=== Material to process ===
++++
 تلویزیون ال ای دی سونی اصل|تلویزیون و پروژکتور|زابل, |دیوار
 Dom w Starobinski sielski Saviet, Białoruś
++++
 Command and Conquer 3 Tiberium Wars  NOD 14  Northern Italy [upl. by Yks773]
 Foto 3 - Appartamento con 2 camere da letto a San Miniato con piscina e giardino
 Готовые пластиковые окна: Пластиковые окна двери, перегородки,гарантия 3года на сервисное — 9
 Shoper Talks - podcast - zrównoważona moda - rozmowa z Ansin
++++
=== Directions ===
Using the data above, transcribe the lines that run from the line with "تلویزیون ال ای" to the line with "Dom w Starobinski sielski Saviet, Białoruś", both ends kept, and output nothing else.

=== Answer for the task ===
 تلویزیون ال ای دی سونی اصل|تلویزیون و پروژکتور|زابل, |دیوار
 Dom w Starobinski sielski Saviet, Białoruś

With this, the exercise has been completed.